- Citizenship: USA
- Occupations: Plant physiologist, academic and author

Academic background
- Education: BS in Biology MS in Plant Science PhD in Plant Physiology
- Alma mater: University of California, Riverside University of California, Davis

Academic work
- Institutions: Columbia University

= Lewis Ziska =

American plant physiologist, academic and author

Lewis H. Ziska is an American plant physiologist, academic and author. He is an associate professor in the Environmental Health Sciences at the Mailman School of Public Health at Columbia University.
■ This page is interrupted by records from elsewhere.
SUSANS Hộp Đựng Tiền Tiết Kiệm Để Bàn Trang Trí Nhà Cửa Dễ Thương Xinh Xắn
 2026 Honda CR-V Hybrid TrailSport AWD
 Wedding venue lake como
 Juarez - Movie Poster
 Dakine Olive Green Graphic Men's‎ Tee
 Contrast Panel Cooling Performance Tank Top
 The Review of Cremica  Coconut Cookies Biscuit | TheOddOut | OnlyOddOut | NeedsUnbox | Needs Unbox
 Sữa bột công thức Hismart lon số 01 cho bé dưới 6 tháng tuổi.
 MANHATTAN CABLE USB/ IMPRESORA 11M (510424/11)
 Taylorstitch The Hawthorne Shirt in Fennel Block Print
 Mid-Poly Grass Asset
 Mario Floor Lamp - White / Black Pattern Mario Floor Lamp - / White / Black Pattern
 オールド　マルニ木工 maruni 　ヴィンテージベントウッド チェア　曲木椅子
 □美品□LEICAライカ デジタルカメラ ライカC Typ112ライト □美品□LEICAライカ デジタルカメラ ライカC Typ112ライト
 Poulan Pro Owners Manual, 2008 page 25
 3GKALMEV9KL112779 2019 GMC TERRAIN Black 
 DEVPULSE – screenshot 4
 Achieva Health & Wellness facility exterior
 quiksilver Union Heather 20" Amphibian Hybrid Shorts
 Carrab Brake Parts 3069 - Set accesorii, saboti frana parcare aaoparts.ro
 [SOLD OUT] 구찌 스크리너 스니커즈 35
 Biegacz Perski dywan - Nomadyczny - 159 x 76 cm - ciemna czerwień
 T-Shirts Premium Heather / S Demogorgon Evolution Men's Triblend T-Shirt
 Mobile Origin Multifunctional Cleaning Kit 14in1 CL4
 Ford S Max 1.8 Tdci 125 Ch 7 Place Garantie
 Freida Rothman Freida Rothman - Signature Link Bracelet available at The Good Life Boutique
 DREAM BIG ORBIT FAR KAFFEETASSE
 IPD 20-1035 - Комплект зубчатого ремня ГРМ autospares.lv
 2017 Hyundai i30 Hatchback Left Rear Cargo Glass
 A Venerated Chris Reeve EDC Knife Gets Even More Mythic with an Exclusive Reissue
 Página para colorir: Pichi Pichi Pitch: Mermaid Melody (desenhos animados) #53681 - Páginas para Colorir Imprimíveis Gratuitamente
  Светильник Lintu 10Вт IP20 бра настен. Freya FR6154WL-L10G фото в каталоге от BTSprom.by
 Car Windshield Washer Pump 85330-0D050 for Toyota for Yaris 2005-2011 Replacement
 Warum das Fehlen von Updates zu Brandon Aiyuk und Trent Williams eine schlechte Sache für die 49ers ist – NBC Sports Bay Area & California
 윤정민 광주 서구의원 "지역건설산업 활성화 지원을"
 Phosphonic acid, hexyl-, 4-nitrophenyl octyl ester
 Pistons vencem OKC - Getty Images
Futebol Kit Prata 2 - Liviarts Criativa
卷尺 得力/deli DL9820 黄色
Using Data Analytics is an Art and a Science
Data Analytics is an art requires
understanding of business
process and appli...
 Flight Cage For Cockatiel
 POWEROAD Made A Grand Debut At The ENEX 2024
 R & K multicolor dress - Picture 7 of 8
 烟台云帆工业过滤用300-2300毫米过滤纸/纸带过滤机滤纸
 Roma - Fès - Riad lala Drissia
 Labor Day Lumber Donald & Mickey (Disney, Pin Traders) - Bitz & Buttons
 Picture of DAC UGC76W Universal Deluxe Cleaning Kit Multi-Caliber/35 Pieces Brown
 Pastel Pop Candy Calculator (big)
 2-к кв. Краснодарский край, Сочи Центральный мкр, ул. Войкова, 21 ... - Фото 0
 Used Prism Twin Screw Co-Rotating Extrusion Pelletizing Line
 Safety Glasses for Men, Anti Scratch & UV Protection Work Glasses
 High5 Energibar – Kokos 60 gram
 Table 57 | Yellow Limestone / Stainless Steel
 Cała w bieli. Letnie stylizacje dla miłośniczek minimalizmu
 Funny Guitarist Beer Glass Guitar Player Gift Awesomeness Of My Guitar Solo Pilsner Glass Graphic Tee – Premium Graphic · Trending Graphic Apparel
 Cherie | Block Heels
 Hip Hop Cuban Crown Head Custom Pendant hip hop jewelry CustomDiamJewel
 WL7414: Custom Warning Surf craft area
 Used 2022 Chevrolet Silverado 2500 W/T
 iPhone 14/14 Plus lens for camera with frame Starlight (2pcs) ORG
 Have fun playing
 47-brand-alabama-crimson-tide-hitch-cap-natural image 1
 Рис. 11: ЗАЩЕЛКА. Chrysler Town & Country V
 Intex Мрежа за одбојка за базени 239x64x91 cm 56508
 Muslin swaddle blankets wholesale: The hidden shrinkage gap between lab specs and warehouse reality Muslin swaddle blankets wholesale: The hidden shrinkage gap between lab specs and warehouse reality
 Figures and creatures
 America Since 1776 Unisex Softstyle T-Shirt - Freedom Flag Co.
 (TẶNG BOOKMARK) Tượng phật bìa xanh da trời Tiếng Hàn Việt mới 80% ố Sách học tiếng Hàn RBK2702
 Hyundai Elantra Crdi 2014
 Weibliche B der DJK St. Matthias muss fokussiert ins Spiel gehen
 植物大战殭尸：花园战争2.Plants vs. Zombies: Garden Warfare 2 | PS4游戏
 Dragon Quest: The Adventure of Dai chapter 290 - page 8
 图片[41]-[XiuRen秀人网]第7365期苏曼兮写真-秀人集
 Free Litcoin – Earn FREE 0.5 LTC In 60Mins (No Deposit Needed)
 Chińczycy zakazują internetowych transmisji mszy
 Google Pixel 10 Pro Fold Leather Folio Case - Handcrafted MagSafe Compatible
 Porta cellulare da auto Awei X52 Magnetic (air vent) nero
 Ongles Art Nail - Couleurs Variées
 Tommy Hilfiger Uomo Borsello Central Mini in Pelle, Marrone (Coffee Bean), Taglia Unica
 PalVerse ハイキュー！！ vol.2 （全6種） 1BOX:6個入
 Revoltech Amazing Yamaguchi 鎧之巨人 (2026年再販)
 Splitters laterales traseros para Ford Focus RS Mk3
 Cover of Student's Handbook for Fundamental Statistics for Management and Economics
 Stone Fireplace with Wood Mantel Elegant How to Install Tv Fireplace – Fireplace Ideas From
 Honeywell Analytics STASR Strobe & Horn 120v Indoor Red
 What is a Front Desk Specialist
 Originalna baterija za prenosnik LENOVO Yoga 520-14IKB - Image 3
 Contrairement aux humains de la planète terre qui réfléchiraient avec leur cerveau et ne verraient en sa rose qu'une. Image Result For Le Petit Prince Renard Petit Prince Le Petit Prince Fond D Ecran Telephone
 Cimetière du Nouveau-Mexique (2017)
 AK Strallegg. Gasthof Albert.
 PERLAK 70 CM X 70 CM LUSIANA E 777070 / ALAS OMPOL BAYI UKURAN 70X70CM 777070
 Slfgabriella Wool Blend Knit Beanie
Ziska is most known for exploring the intersection of climate change, carbon dioxide levels, plant biology, and public health. He has contributed to multiple reports by the Intergovernmental Panel on Climate Change (IPCC) in 1995, 2001, 2007, 2014, and 2022. Additionally, he was a contributor to the 2014 and 2018 National Climate Assessment (NCA), specifically the Public Health and Air Quality chapters, and led the 2016 special NCA report on climate and health, titled The Impacts of Climate Change on Human Health in the United States: A Scientific Assessment. He is the author of four books, including Climate Change and Rice and Greenhouse Planet: How Rising CO_{2} Changes Plants and Life as We Know It.

==Education==
Ziska earned his BS in Biology from the University of California, Riverside in 1979. He received his PhD in Plant Physiology from the University of California, Davis in 1988.

==Career==
Ziska began his career as a Smithsonian fellow and later became the Project Leader for global climate change at the International Rice Research Institute in the Philippines in 1993. This was followed up by a 25-year career as a Plant Physiologist at the USDA's Agricultural Research Service, where he resigned in 2019 to protest interference by the Trump administration with his research into the effects of rising carbon dioxide on rice nutrition. Since 2019, he has been holding an appointment as an associate professor in Environmental Health Sciences at the Mailman School of Public Health at Columbia University.

==Research==
Ziska's research examines the relationship between climate change, food insecurity, and the role of plant biology in public health. He has conducted research on the effects of climate change and increasing carbon dioxide levels on human health from a botanical perspective, covering areas such as allergies, nutrition, plant-based medicine, and pesticide exposure.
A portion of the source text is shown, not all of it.